1. Collins, Amy M.


For more than 30 years, Judy Murphy has been a leader in nursing informatics.


Article Content

Judy Murphy, chief nursing officer for IBM Global Healthcare, is at the forefront of exciting, cutting-edge technologies that will make life easier for patients and practitioners alike. But when she started her nursing career in 1975 on a medical-surgical unit at Aurora Health Care in Milwaukee, Wisconsin, computers were absent from the hospital nursing units, and their use for clinical care was nonexistent.

Figure. Judy Murphy,... - Click to enlarge in new window Judy Murphy, RN, FACMI, FHIMSS, FAAN. Photo courtesy of Judy Murphy.

While working as an assistant head nurse at one of Aurora's hospitals, Murphy became interested in serving as a preceptor for new nurses, which brought her into the in-service education department. It was in that role that she first got a taste of working with information technology (IT).

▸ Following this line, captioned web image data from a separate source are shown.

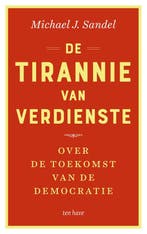De tirannie van verdienste - Michael J. Sandel - 97890259075, Verzenden, Nieuw
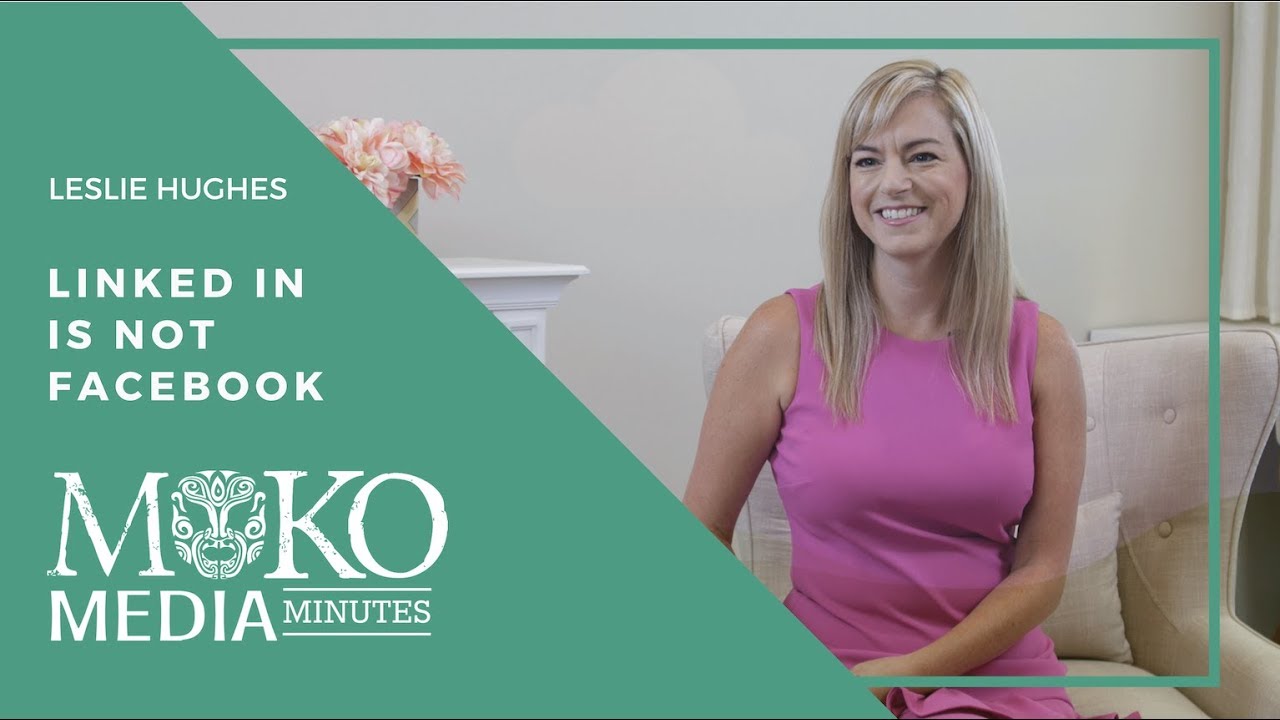 LinkedIn is NOT Facebook - Leslie Hughes - Moko Media Minute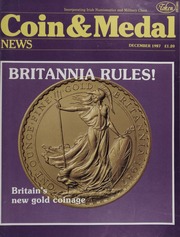 Coin & Medal News: Vol. 24 No. 12, December 1987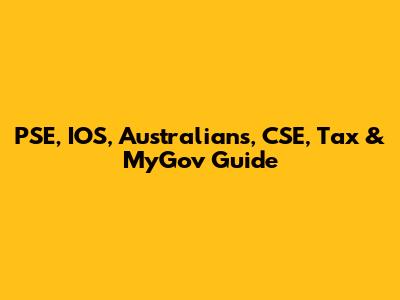 PSE, IOS, Australians, CSE, Tax & MyGov Guide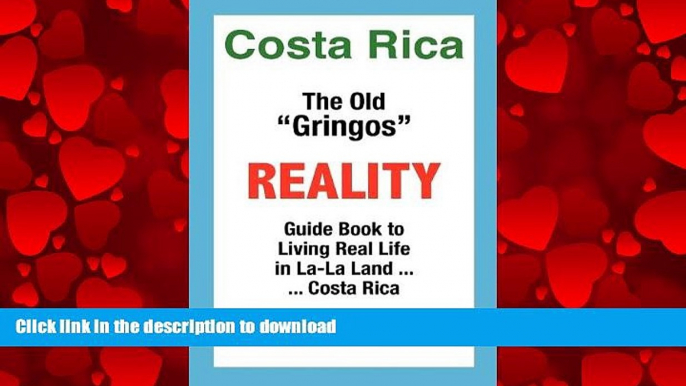 READ THE NEW BOOK Costa Rica: The Old Gringos Reality Guide Book to Living in La-La Land...Costa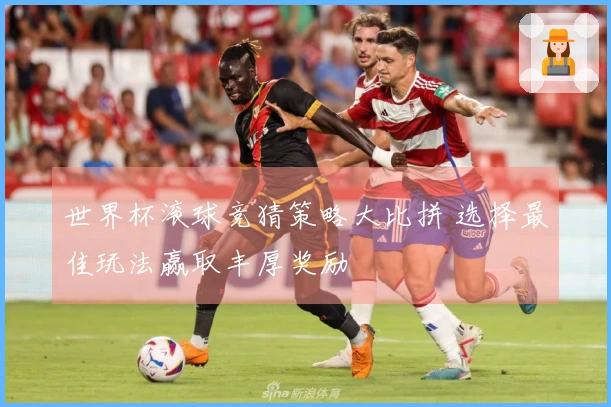 世界杯滚球竞猜策略大比拼 选择最佳玩法赢取丰厚奖励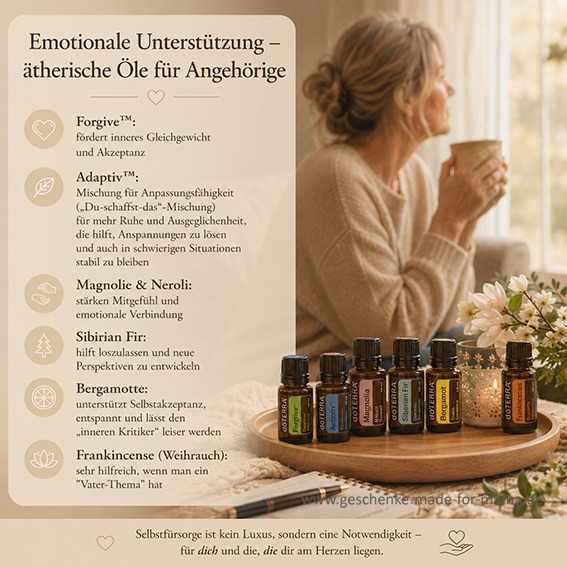 Ätherische Öle zur emotionalen Unterstützung pflegender Angehöriger. Eine nachdenkliche Frau blickt mit einer Tasse aus dem Fenster, daneben Empfehlungen zu Forgive, Adaptiv, Bergamotte, Magnolie, Neroli, Sibirian Fir und Frankincense.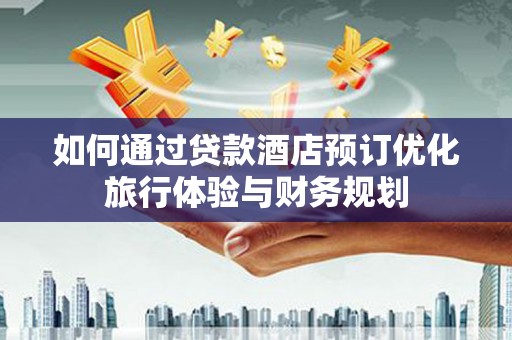 全国如何通过贷款酒店预订优化旅行体验与财务规划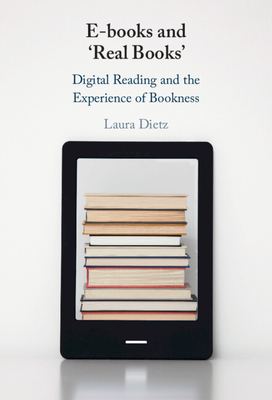 E-books and ‘Real Books’:Digital Reading and the Experience of Bookness '24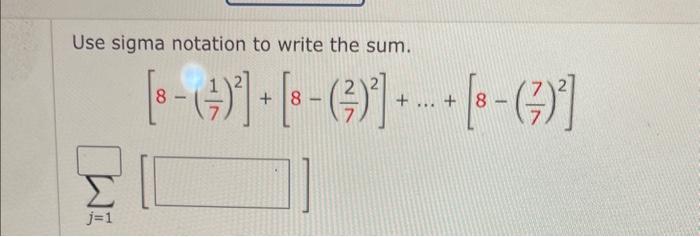 Solved Use sigma notation to write the sum. | Chegg.com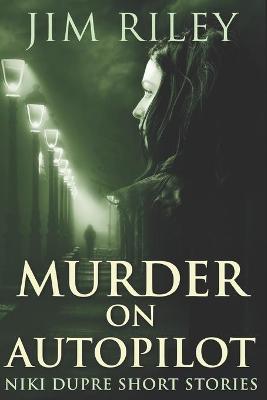 Book cover for Murder On Autopilot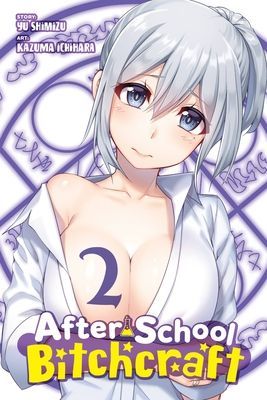 After-School Bitchcraft, Vol. 2 (Ichihara Kazuma)(Paperback)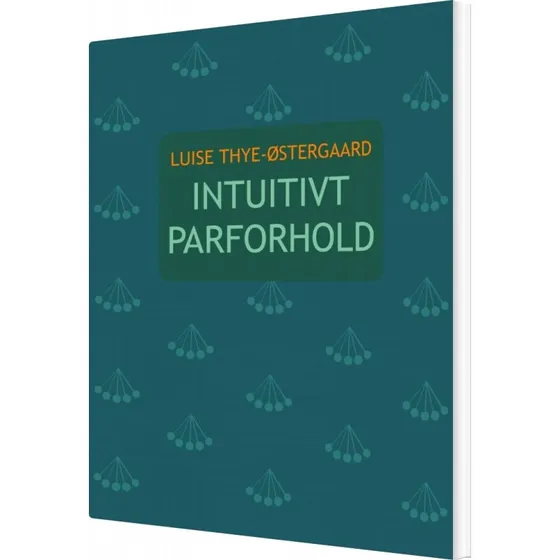 Luise Thye-østergaard: Intuitivt Parforhold (Bog)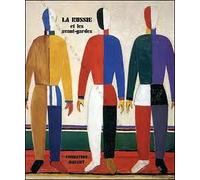 La Russie Et Les Avant-Gardes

"We didn't call it IT then, we called it computer systems," she says. Aurora was installing computers on the nursing units for order entry and charging, and Murphy was tasked with training the nurses and unit secretaries. "I dipped my toe in the water," she says, "and I thought, oh, this is interesting-this may change how we do our clinical work."


Eventually, the unit began to use computers for results retrieval as well. It was then Murphy noticed that the way the computers presented laboratory results wasn't helpful to nurses, as they were only presented by date. "You can look at a lab result one day, but anyone who is clinical knows you have to look at that lab value in context, in terms of the test that was done the day before, so you can evaluate trends." When she explained this to the computer department, it was a "revelation" to them, she says. "It started me thinking that as we automate processes, we need to do it in a way that's logical to the people using them."


Murphy thought it would be helpful to have a person who could act as a liaison between the computer programmers and the clinical staff. And in 1982, when Aurora started merging hospitals, and computer departments as well, that role was created. Murphy moved into the computer services department, which had a team of 30, as a clinical systems analyst. In 2011, when she left Aurora, the department had grown to 750 and the position she vacated was vice president responsible for electronic health record (EHR) applications.



While EHRs and mobile devices are now commonplace, in the late '80s and early '90s they were nonexistent. There was no World Wide Web, Wi-Fi, Windows, or even a mouse. Batteries weren't as powerful as they are now, so having a movable terminal was next to impossible. "We had cords coming out of the ceiling," Murphy says. "You could move a terminal only 10 feet in any direction, and it weighed over 100 pounds." Eventually Windows, the Internet, PCs, and laptops emerged, and in the mid-'90s EHRs as we know them were developed.


When asked if nurses were initially resistant to these systems, Murphy says that in general people were excited, especially because of the "anytime, anywhere access." But still there was apprehension. "We were rolling this out in the '90s, and people didn't have PCs at home. They were learning how to use Windows and to navigate a computer at work, so there was a big learning curve." And nurses were afraid to use this technology in front of patients. "Nurses worried that the computer would get between them and their patients. But over the years, as the technology and hardware changed and computers got smaller and more portable, the role they played as a barrier between nurses and patients changed as well."


While EHR technology has greatly improved, Murphy says many nurses feel there is still a burden of documentation they wish could be lifted. "We kept adding on to what needed to be documented and we never stopped to ask if we needed all this," she says. "We have to figure out what we need to do from an evidence-based standpoint, then document from an evidence-based standpoint, and then simplify the documentation."


Making sure the "nursing narrative" or "patient story" isn't lost among the drop-down menus and multiple screens is another future EHR improvement. The solution, Murphy says, could involve cognitive computing, which can pull information from both structured and unstructured dictated notes, using natural language processing.



As Murphy became known nationally as a pioneer in nursing informatics, her reputation became a stepping-stone to her next job. In 2009, the Health Information Technology for Economic and Clinical Health (HITECH) Act, created to stimulate the adoption of EHRs, was signed into law by President Obama as part of the American Recovery and Reinvestment Act. The HITECH Act gave the Office of the National Coordinator for Health Information Technology (ONC) the authority to manage and set standards for this EHR stimulus program. The ONC formed two advisory committees, and Murphy was one of two nurses nominated to be on one of the committees, which involved monthly meetings. These committees helped to define the criteria and standards for the definition of "meaningful use" and the distribution of the incentives for adoption of EHRs. Eventually, Murphy was hired as deputy national coordinator for programs and policy for the ONC, during which time she helped administer the "meaningful use" program, under which health care providers would be offered financial incentives for demonstrating meaningful use of EHRs.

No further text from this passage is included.